== Problem description ==
Go to the line containing "unfurnished bedroom with" and retype it and every later line exactly as written, up to the last line of the entries. Keep pictures out.

== Data provided ==
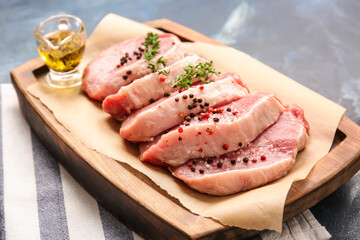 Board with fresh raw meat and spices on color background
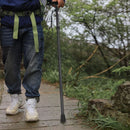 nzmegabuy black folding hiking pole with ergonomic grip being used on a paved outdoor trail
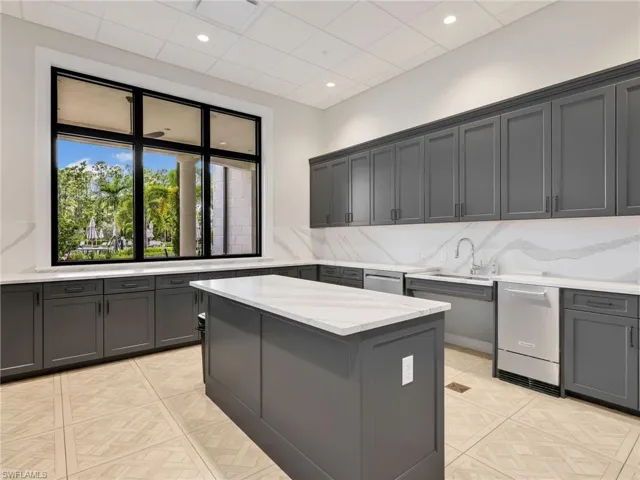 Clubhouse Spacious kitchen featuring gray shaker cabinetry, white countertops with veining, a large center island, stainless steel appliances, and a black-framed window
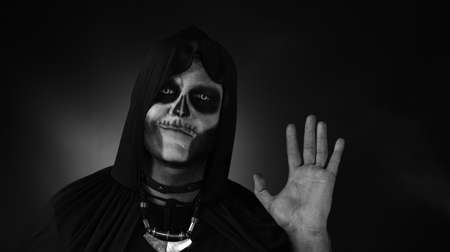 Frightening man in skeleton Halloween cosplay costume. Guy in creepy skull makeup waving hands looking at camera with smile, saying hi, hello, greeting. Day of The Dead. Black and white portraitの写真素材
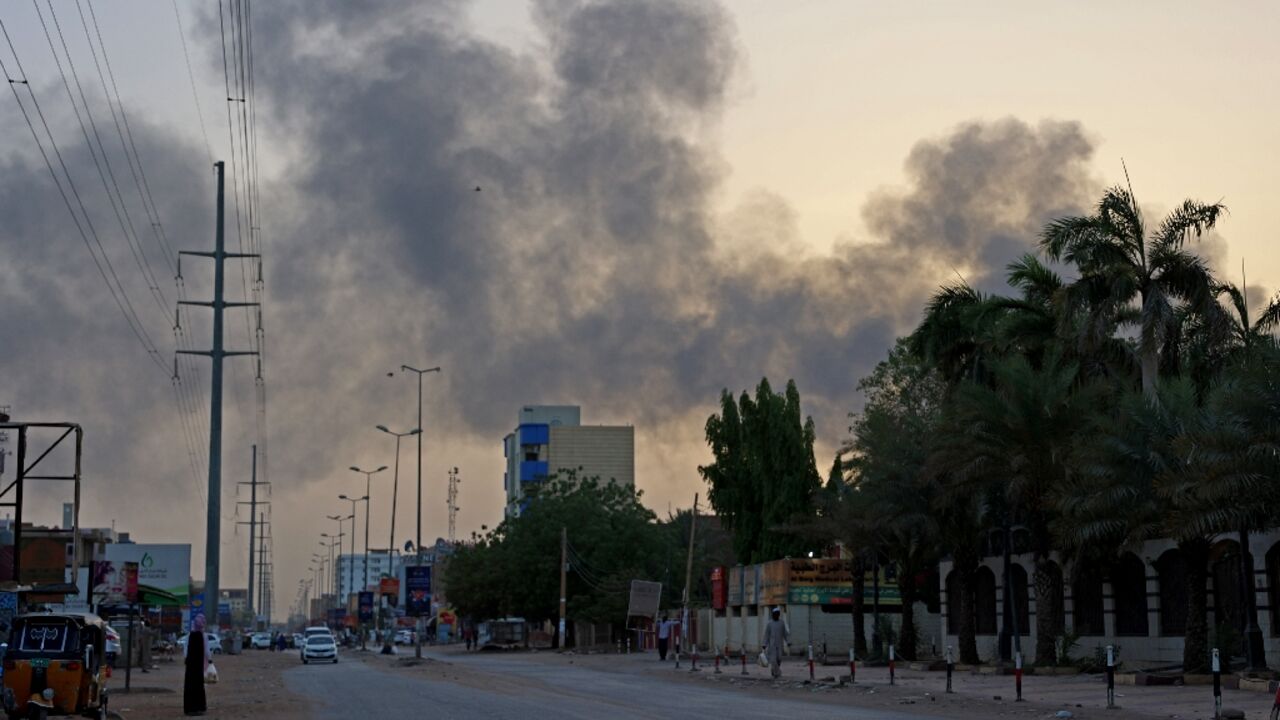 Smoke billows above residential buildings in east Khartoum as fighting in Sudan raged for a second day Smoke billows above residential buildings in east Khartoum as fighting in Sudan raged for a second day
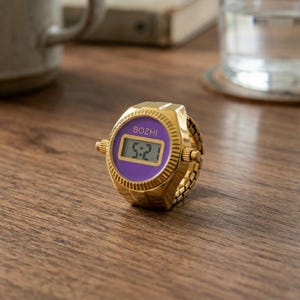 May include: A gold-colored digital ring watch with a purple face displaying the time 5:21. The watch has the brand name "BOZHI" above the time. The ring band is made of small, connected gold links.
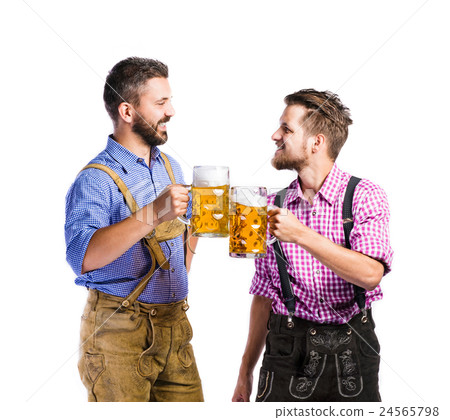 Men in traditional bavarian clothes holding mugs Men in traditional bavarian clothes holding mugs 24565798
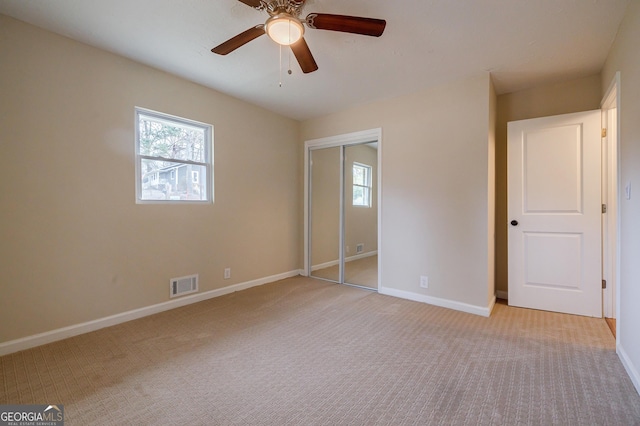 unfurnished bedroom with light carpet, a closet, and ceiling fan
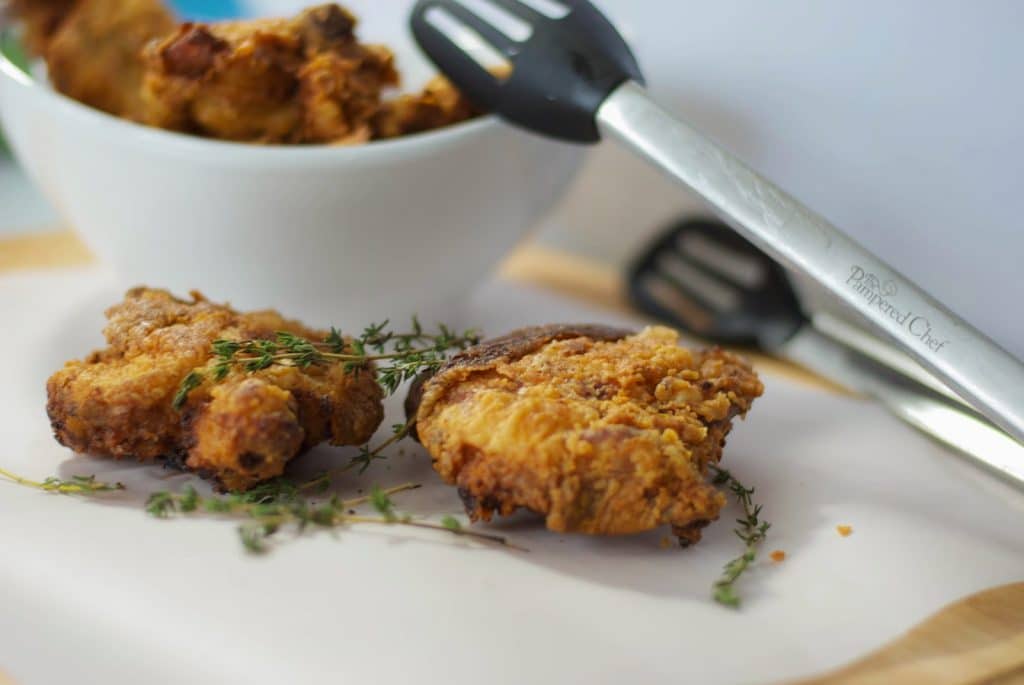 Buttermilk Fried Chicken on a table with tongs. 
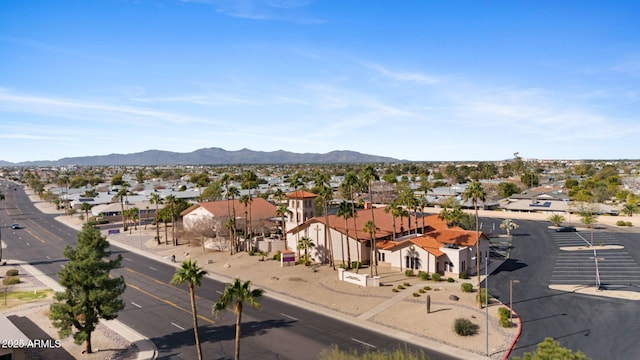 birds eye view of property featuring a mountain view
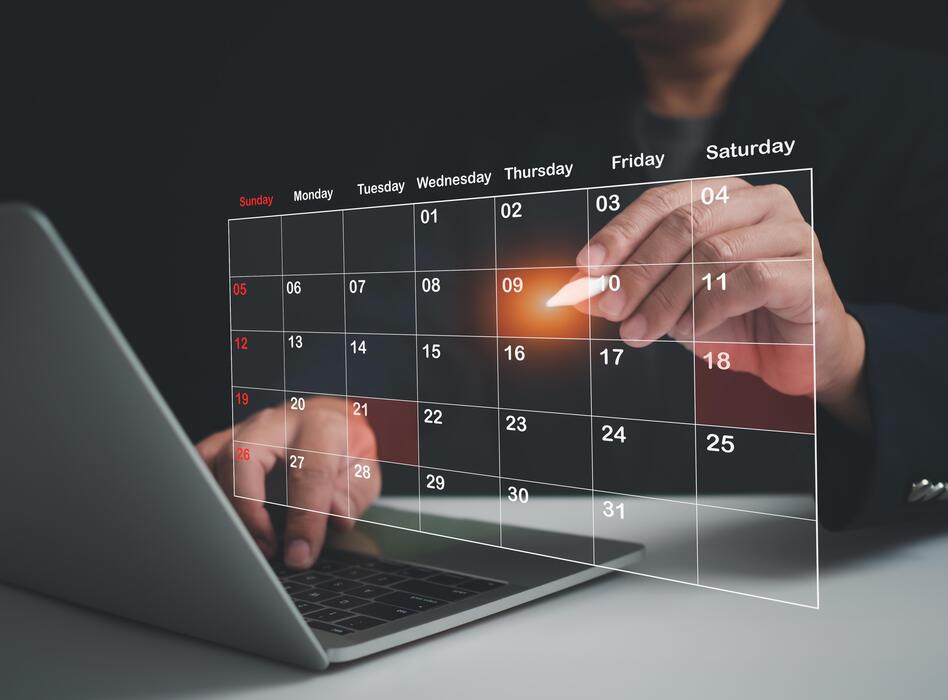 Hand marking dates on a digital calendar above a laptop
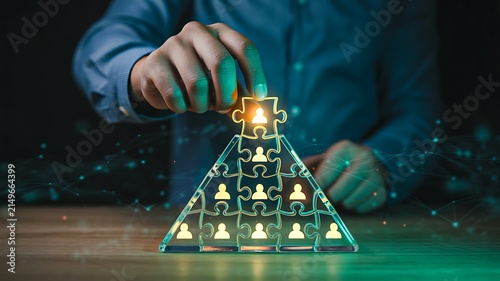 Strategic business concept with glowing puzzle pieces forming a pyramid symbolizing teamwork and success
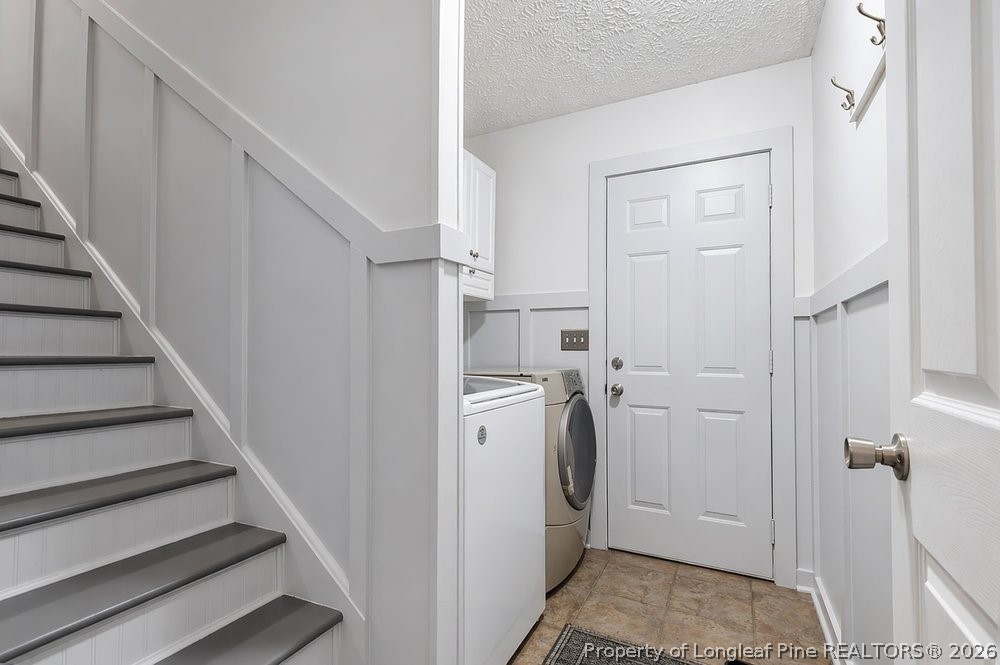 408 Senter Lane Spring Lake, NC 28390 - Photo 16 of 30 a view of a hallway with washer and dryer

== Reply ==
 unfurnished bedroom with light carpet, a closet, and ceiling fan
 Buttermilk Fried Chicken on a table with tongs. 
 birds eye view of property featuring a mountain view
 Hand marking dates on a digital calendar above a laptop
 Strategic business concept with glowing puzzle pieces forming a pyramid symbolizing teamwork and success
 408 Senter Lane Spring Lake, NC 28390 - Photo 16 of 30 a view of a hallway with washer and dryer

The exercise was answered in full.